It’s not Bush’s New World Order it’s the Illuminati’s New World Order.
Ah, and you missed one of the pivotal points, 1993 and NAFTA, the start of exporting all of American industry.
We are a superpower? Techno-military wise maybe but we no longer lead in any other area of human endeavor.
“We are a superpower? Techno-military wise maybe but we no longer lead in any other area of human endeavor.”
Precisely. And the techno-military game is over, which leaves us sans a paddle.
…the US may not have the engineering workforce and scientific know-how to maintain a techno-military edge over Russia and China. We can thank the rise of religious fundamentalism and decreasing separation of church and state for that.
The other extremely wise lesson that Russia and China appear to have learned is that of asymmetric warfare. They both seem to have realized that the highest returns for their defense spending will be realized in the field of missile technology.
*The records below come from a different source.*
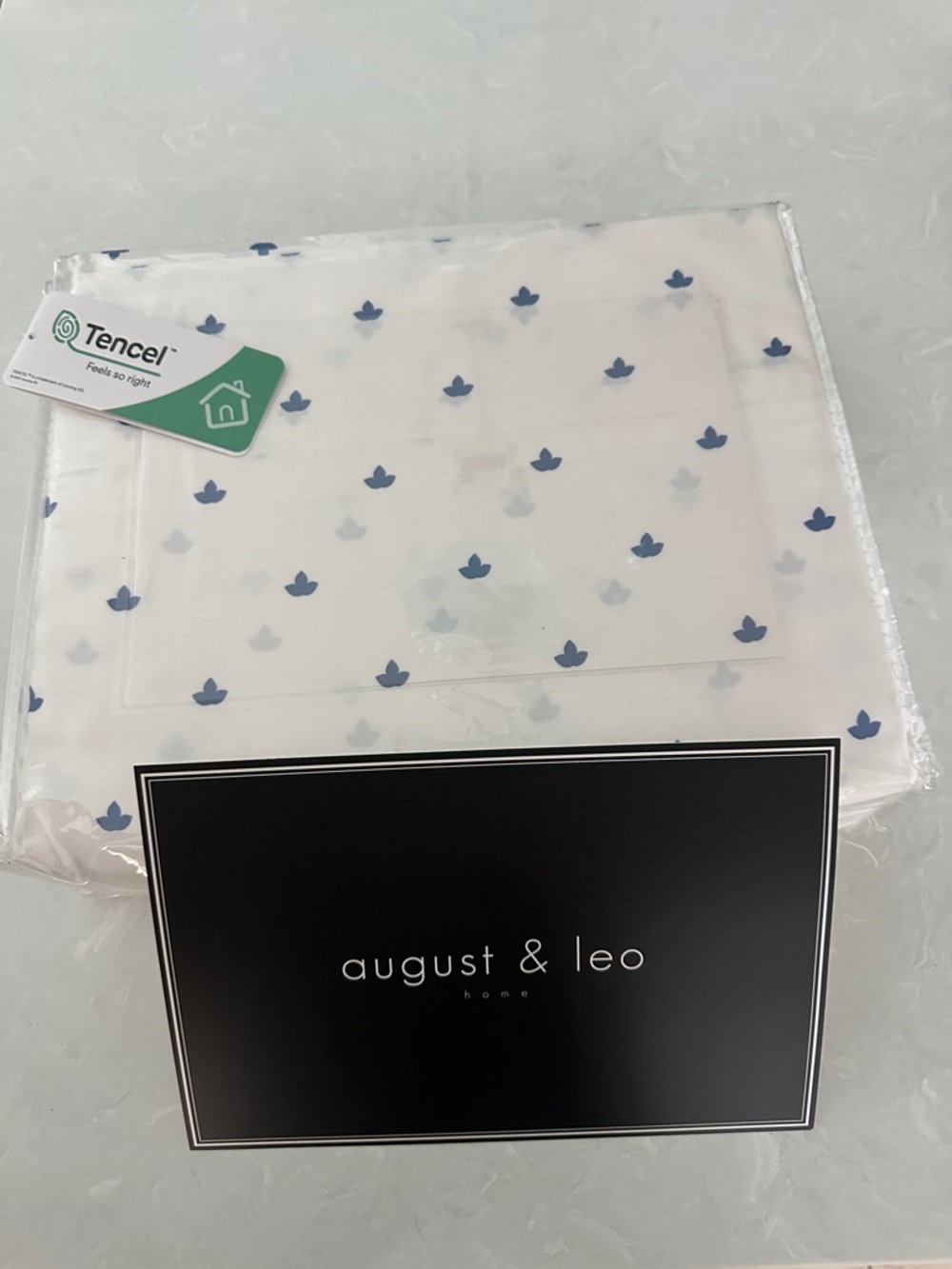 New August & Leo Flower 400TC Modal Flat/Top Sheet ONLY!! Queen 90x102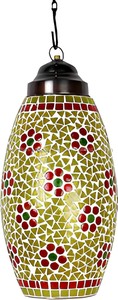 Lampe murale en mosaïque de verre suspendue de style vintage, luminaire décoratif multifonctionnel, lampe murale en mosaïque de verre faite à la main - Product Image 6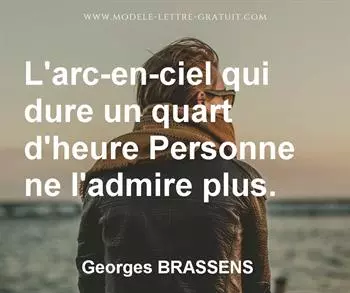 Citation de Georges BRASSENS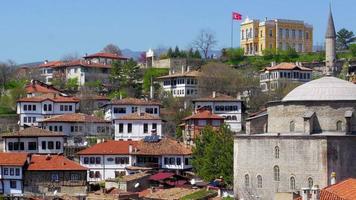 weergave van traditioneel ottoman anatolisch dorp, safranbolu, turkije video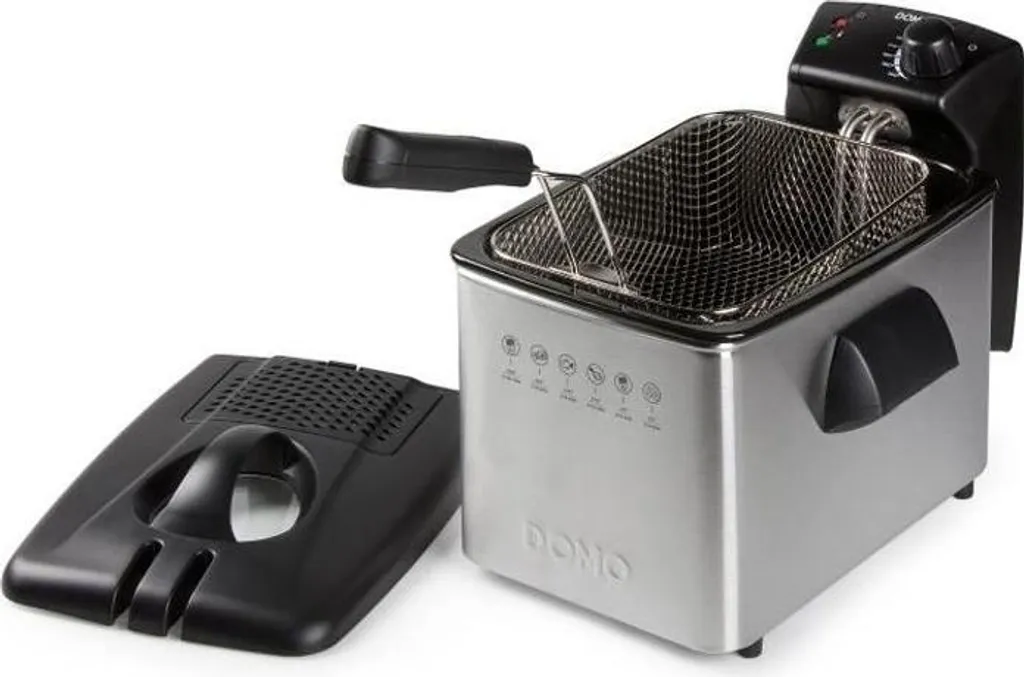 Friggitrice DOMO, 4 L, 3000 W, temperatura variabile, grande capacità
Recent examples of this are Russia’s fearsome anti-ship missiles and China’s demonstration of its ground-based anti-satellite capability. At this moment I bet both nations are hard at work perfecting an anti-aircraft missile truly capable of threatening all the high-performance aircraft in our inventory. Something that will be as fierce as the SA-6 was during the Vietnam era.
Makes sense to me. It’s been clear from the start that Cheney had his eyes on China, which is one reason why he pooh-poohed the Al Qaida threat. Naturally, the faux real-politik that makes military control of the Middle East the key to everything came out of the right-thinking establishment, who didn’t learn history or economics. Given what’s happened, it’s probably best for us and the rest of the world if the United States lose Cold War II — as long as it stays cold. We’ve worn out are welcome for having crapped on the world’s doorstep.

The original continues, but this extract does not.